§ **Your task**: No pictures go in the copy; retype exactly the lines from the one with "DLX15253 Ricamo Foglie" through the last line of the records.

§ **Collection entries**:
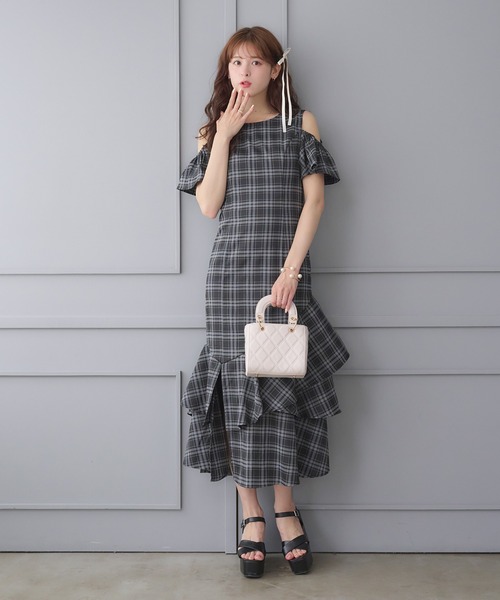 Ambre Neige(アンブルネージュ)の「open shoulder asymmetrical frill dress / オープンショルダーアシメフリルワンピース(ワンピース・レディース・杢グレー/ブラウン系その他・FREE)」の6枚目の写真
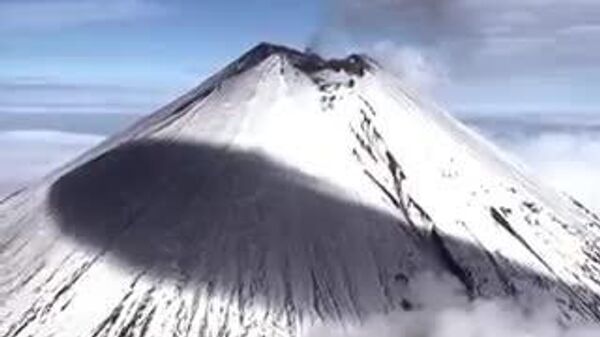 【クリュチェフスカヤ火山に新たな火砕丘 地震も頻発】 - Sputnik 日本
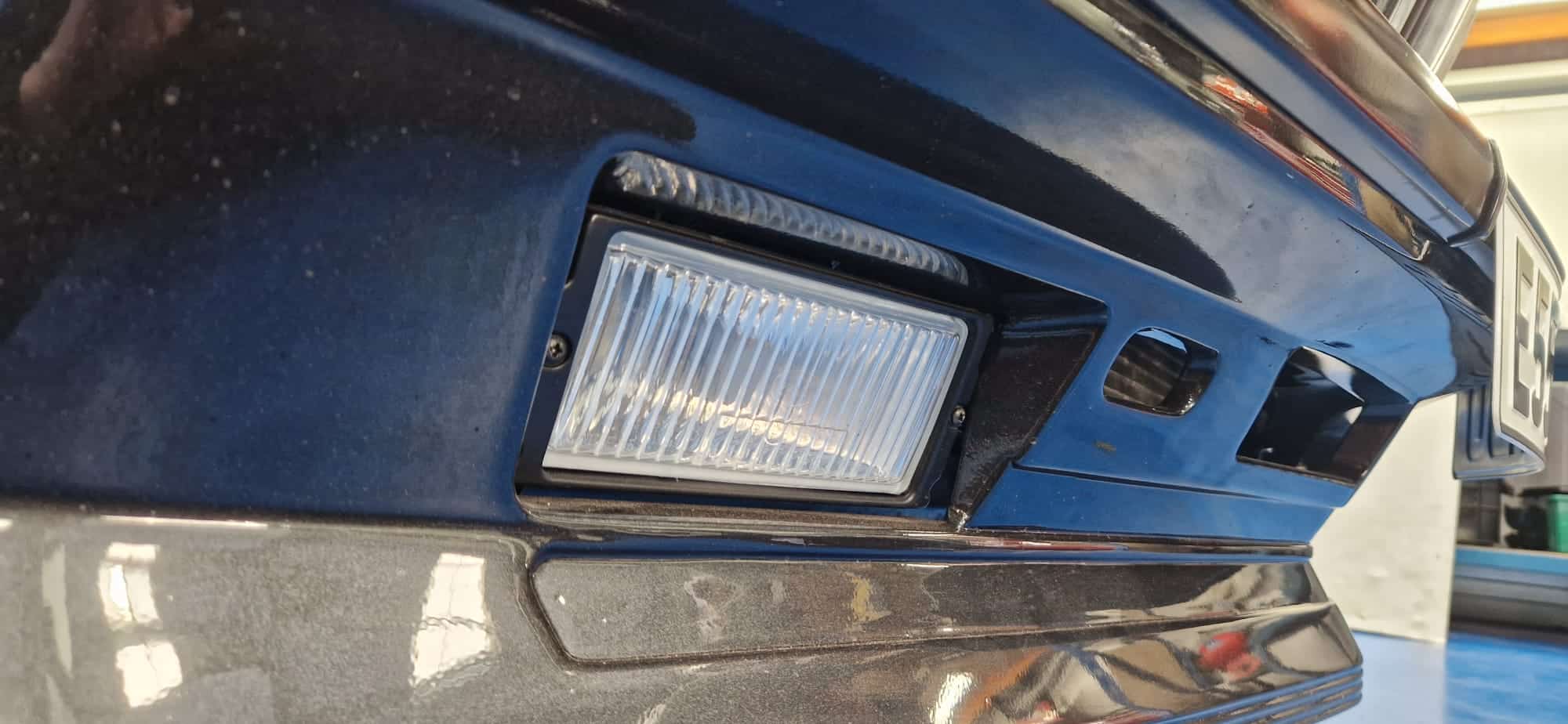 06022023 1987 BMW 635 CSI Fog Lights 3 1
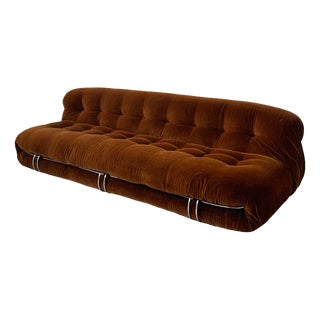 Model Soriana Three-Seater Sofa in Brown Fabric by Afra and Tobia Scarpa for Cassina, 1970s For Sale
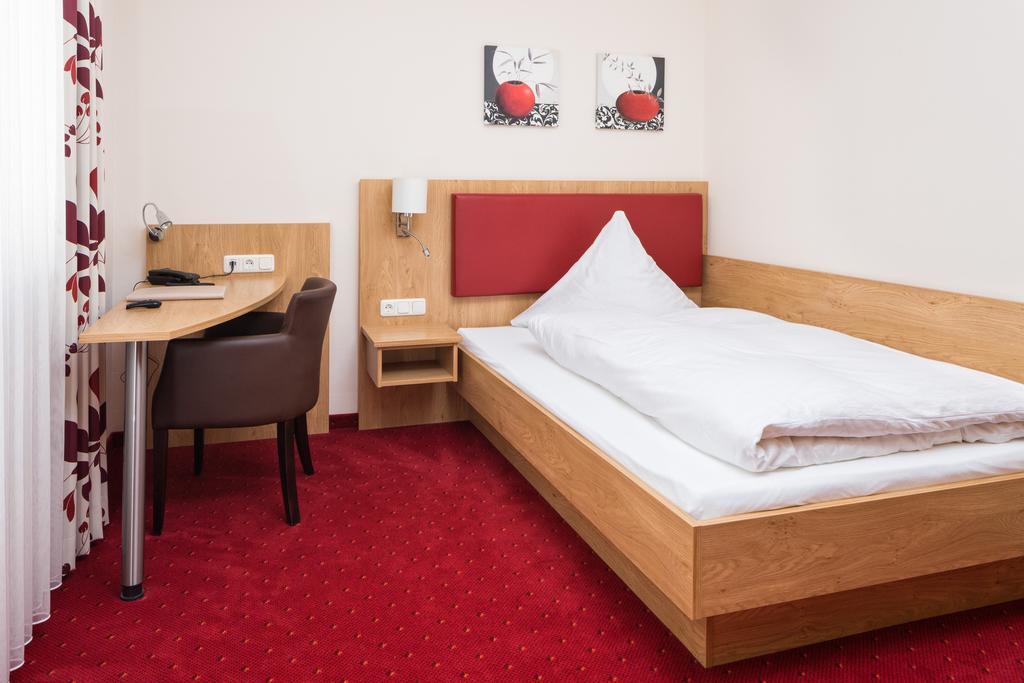 Hotel Sixt Rohr in Niederbayern Extérieur photo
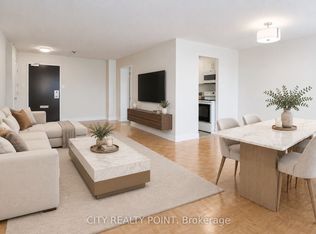 6200 Bathurst St #1008, Toronto, ON M2R 2A3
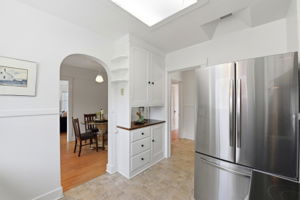 014_F8_1123 Dean Ave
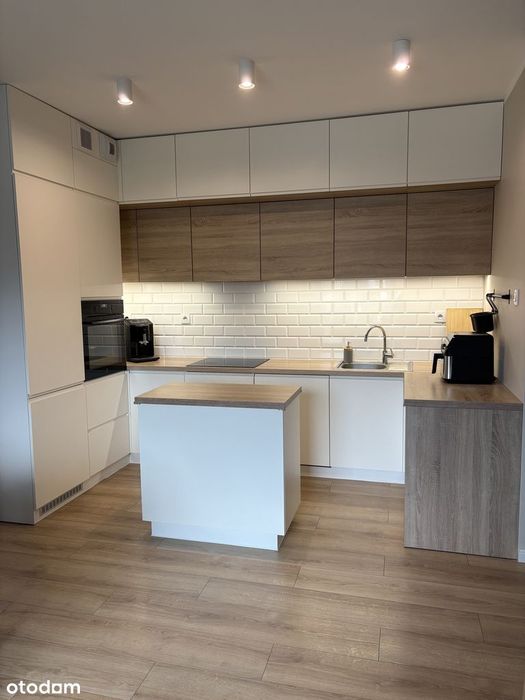 Pierwszy właściciel | 4 pokoje | Duży balkon | Klimatyzacja | Garaż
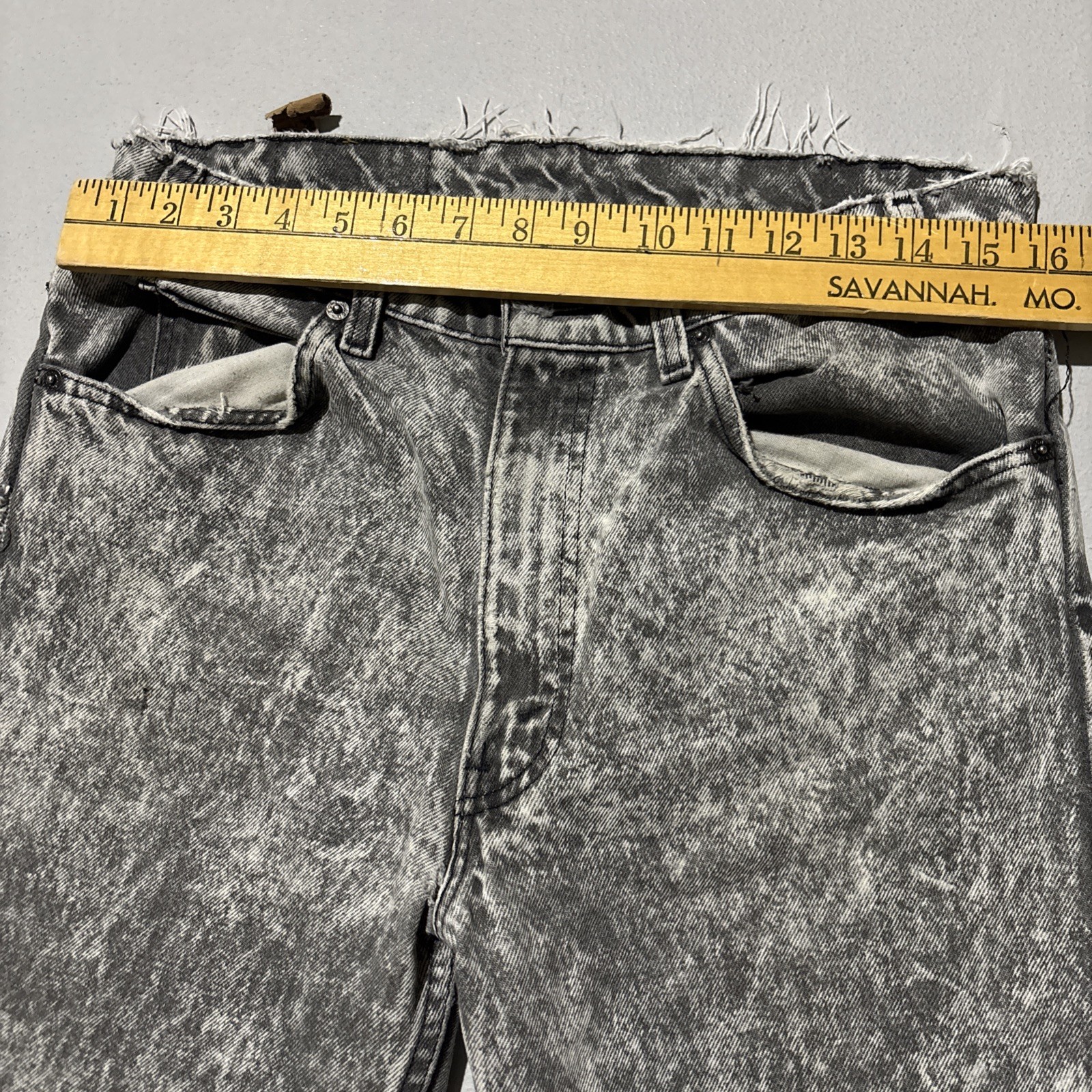 Vintage 80’s Levi’s 32 Black Acid Washed Denim Cutoff Shorts Raw Hem USA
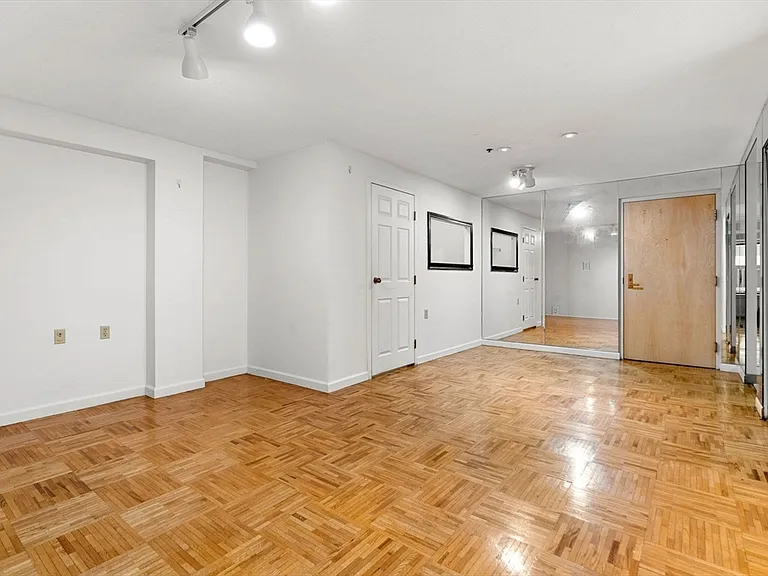 357 Commercial St #412 — Photo 2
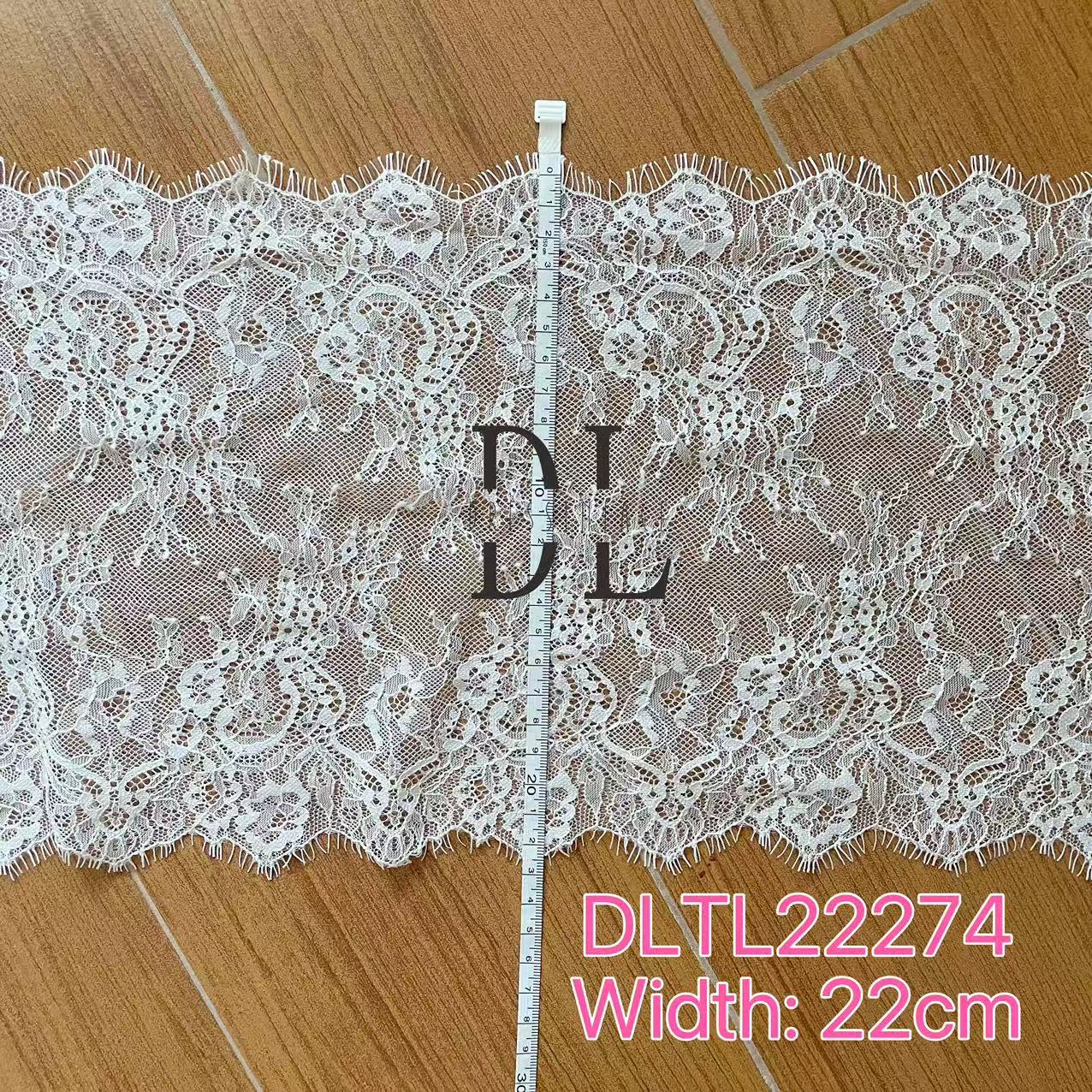 DLX15253 Ricamo Foglie Modello Tessuto di pizzo Bordi larghi 15 cm Perline e paillettes per veli da sposa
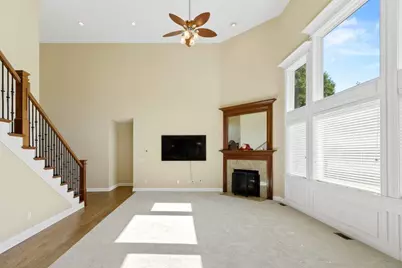 13882 Fantasy Way, Pickerington, OH 43147 - Photo 5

§ **Task solution**:
 DLX15253 Ricamo Foglie Modello Tessuto di pizzo Bordi larghi 15 cm Perline e paillettes per veli da sposa
 13882 Fantasy Way, Pickerington, OH 43147 - Photo 5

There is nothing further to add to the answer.